In the fraud trial over the emissions scandal at Audi, former company boss Rupert Stadler is ready to confess. Stadler and his defence lawyers said on Wednesday before the Munich Regional Court that Stadler agreed with the court's deal proposal. Accordingly, he will receive a suspended sentence if he makes a confession and is willing to pay a fine of 1.1 million euros. The prosecutor's office also approved the deal. Stadler had always rejected the allegations of fraud in the scandal over manipulated exhaust gas values. Stadler's defence lawyers Thilo Pfordte and Ulrike Thole-Groll announced a statement in two weeks. The verdict is not expected before Pentecost, said the presiding judge Stefan Weickert.

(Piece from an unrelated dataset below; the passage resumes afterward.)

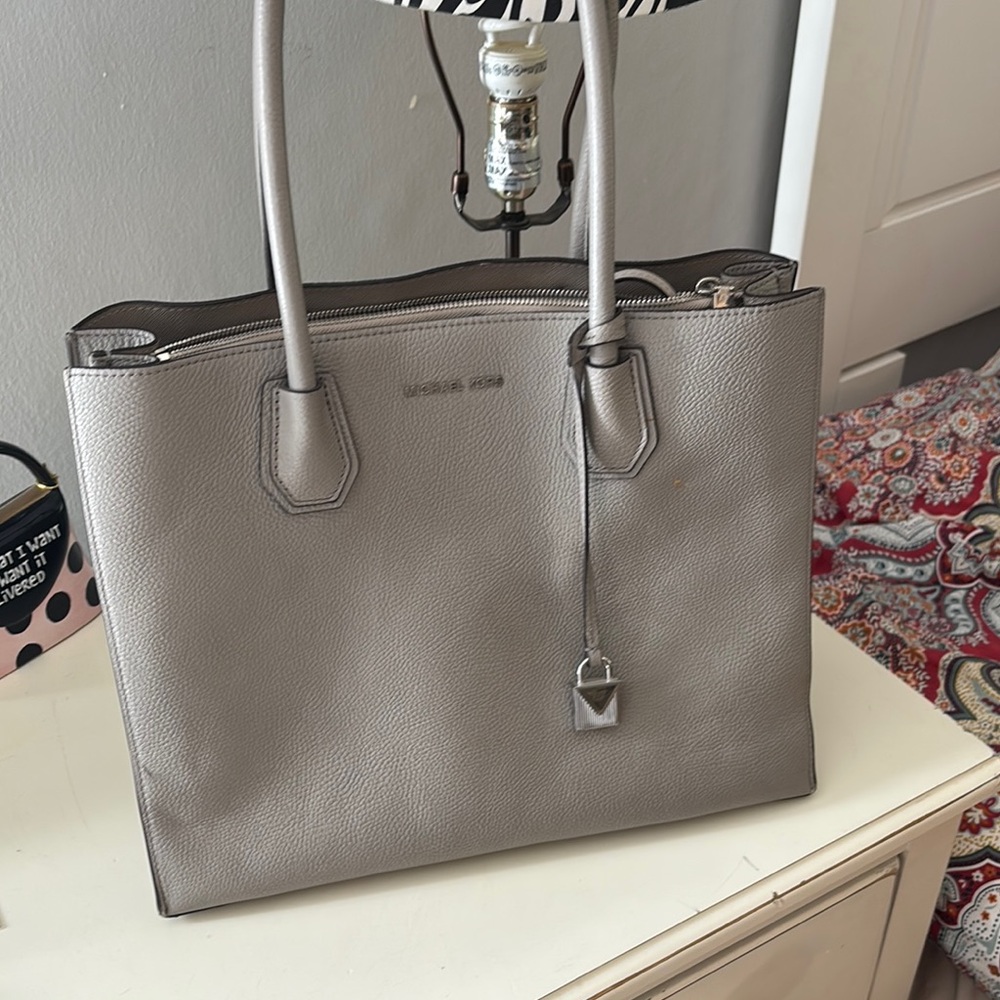 Michael Kors Gray Leather Tote Bag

Stadler had maintained his innocence for years and had not moved away from it in the trial, which has been going on for two and a half years. But according to the preliminary assessment of the Economic Criminal Chamber, he should have recognized by July 2016 at the latest that the exhaust gas values could have been manipulated. Instead of getting to the bottom of the matter and informing the trading partners, he let the sale of the cars continue until the beginning of 2018. Therefore, a prison sentence for fraud by omission is considered for him – with a comprehensive confession and payment of 1.1 million euros, also on probation.

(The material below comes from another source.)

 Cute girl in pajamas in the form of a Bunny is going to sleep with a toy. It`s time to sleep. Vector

After the agreement, the court wants to sentence Stadler to a prison sentence of between one and a half and two years. The probation period would then be three years, Weickert announced. The probation condition is to be paid to charitable institutions.

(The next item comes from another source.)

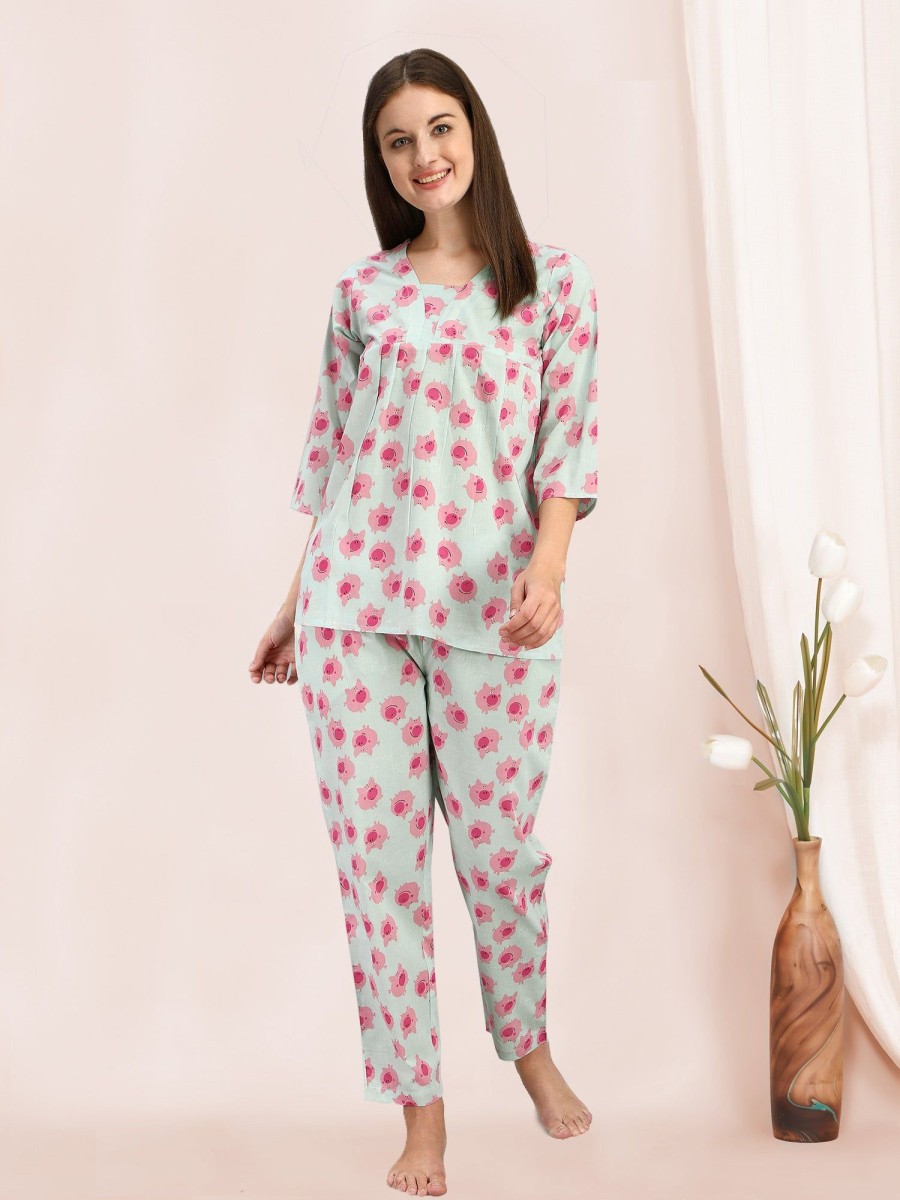 Women MESMORA FASHION | Women'S Blue Panda Quirky Printed Cotton Pajama Set - Mesmora Fashion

Rupert Stadler became head of the Ingolstadt-based VW subsidiary in 2007, succeeding Martin Winterkorn, who was then at the helm of the group. From June 2018, Stadler was held in custody in Augsburg for four months due to the risk of blackout, until his resignation as Audi boss and VW board member. He had already reached a civil settlement with the Volkswagen Group and paid 4.1 million euros to his former employer for breach of duty.

Wolfgang Hatz also confessed

Last week, after more than 160 days of trials, Wolfgang Hatz had already made a comprehensive confession in Stadelheim; the man who was Head of Powertrain Development in Ingolstadt until September 2009 before moving on to Porsche as Chief Development Officer. He had already known before 2015 that the exhaust gas aftertreatment in numerous diesel cars, for which he was partly responsible, could have been illegal, Hatz said through his defense lawyer Gerson Trüg. "I was familiar with the defining elements of the software."

The fact that they contained an inadmissible defeat device for vehicles for the North American market "I have recognized and accepted". His actions between 2007 and 2009 then became the "working basis" for the later generations of engines, according to Hatz's confession. The former top manager was in custody for months during the investigation.

His former colleague Giovanni P., once a senior Audi engineer, also repeated his earlier confession last week. According to the court's clarification, both can expect prison sentences of between one and a half and two years – an extremely mild sentence in view of the initial accusation of tens of thousands of affected diesel vehicles and billions in damage.